T4: Data-type inconsistency bug i.e., error due to misunderstanding of data types (Figure 5). The tasks were planned keeping in mind the concepts that had been covered in the class. Past teaching practices of the researchers, as well as the existing literature on common errors in JAVA programs (see the related work section), influenced choosing these errors, as it was observed that the majority of the students need help to fix these types of errors. The difficulty level of these tasks was the same, which did not influence their feedback while solving the tasks with either online web resources or the proposed intervention The second experiment was conducted in two iterations. In the first iteration, they were asked to solve the first two tasks T1 and T2, using existing web resources to seek hints to fix errors. In the second iteration, the students were given T3 and T4 tasks with errors and asked to seek help from the proposed web portal, myCodingPal.
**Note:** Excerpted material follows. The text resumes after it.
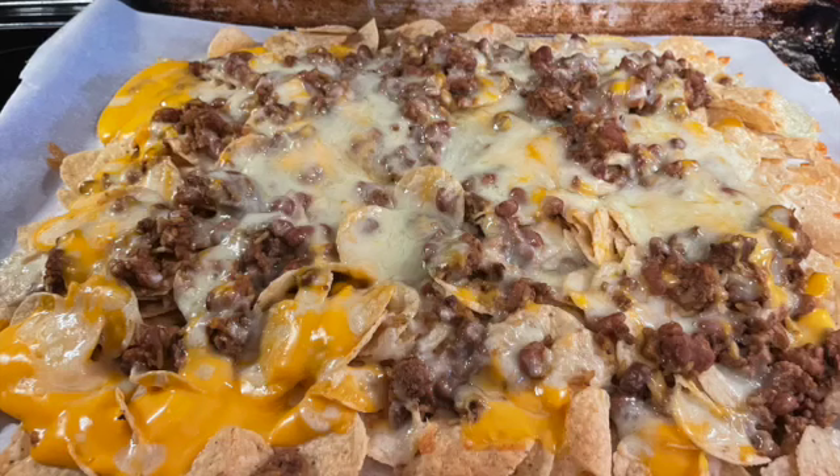I hope you guys enjoyed this, and this was another Five Ingredient Friday!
The second experiment was followed by another survey form, which included 14 items to determine the attitude of the students towards the proposed web portal, myCodingPal.
The survey instruments
The primary research instrument for the study was a set of two questionnaires developed by the researchers. The first survey (identified as FS) form includes 11 items focused on their programming practice experiences both in-the-lab as well as out-of-the-lab settings. It asked about the kind of support they have, and to investigate the challenges they face when they get an error message while doing their practical assignments. It also asked which online or web resources the students refer to fix their errors, if they do not have access to any help from their teacher or the lab instructors.
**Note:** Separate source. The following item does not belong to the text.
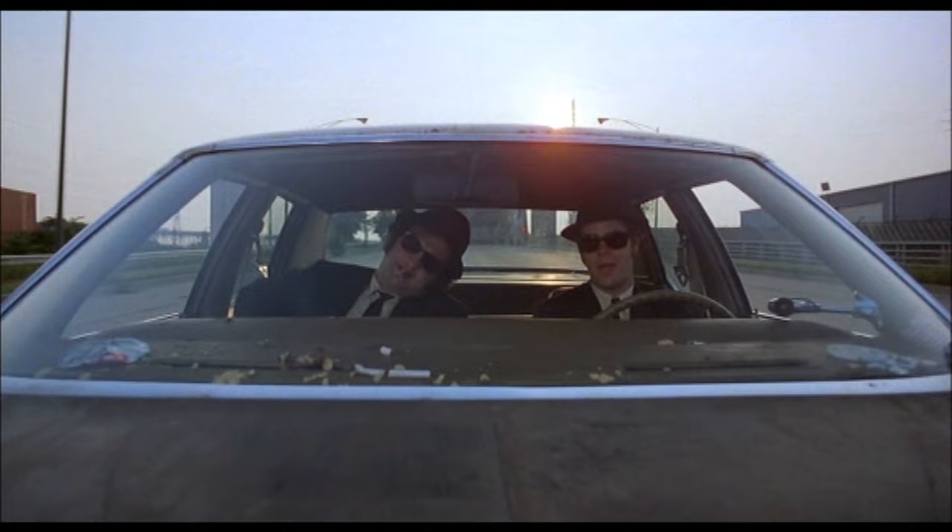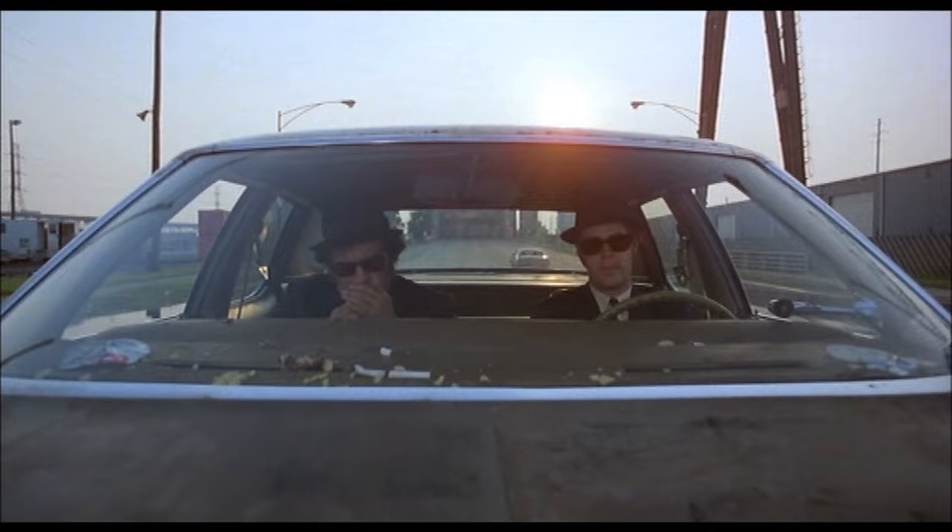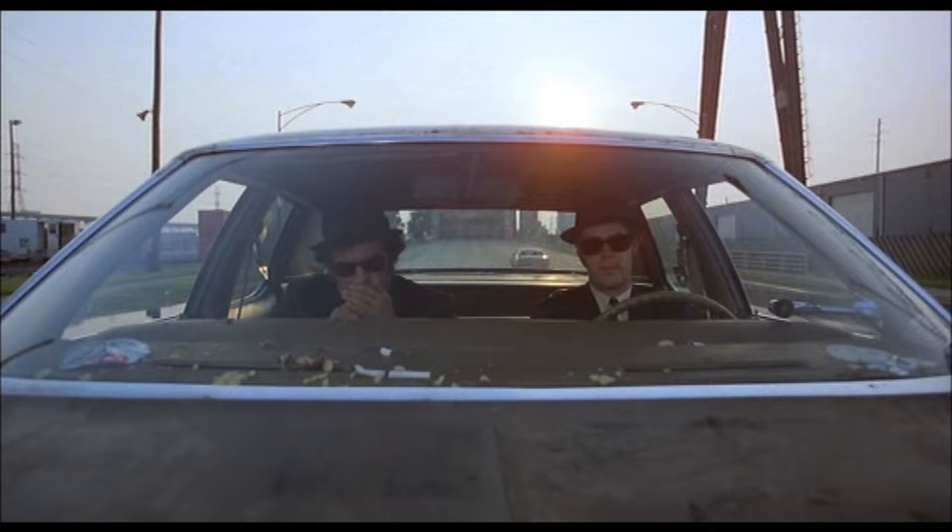What do you say? Is it the new Bluesmobile or what? Fix the cigarette lighter. Here we go.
Items 1 and 2 were designed to determine the environment for the practical programming assignments that the students prefer i.e., remote (out of lab setting) or offline (in a lab setting), and their skill level in JAVA programming. Items 3 and 4 sought to determine what the students felt when they got stuck in an error, and how to fix it. Items 5 and 6 were designed to determine whom they approached for help. Items 7 and 8 asked about their preferences for web resources. Item 9 was designed to understand their willingness to use a dedicated portal for scaffolding when they are coding alone. The last two items, 10 and 11, gauged their readiness to conduct programming practice on their own.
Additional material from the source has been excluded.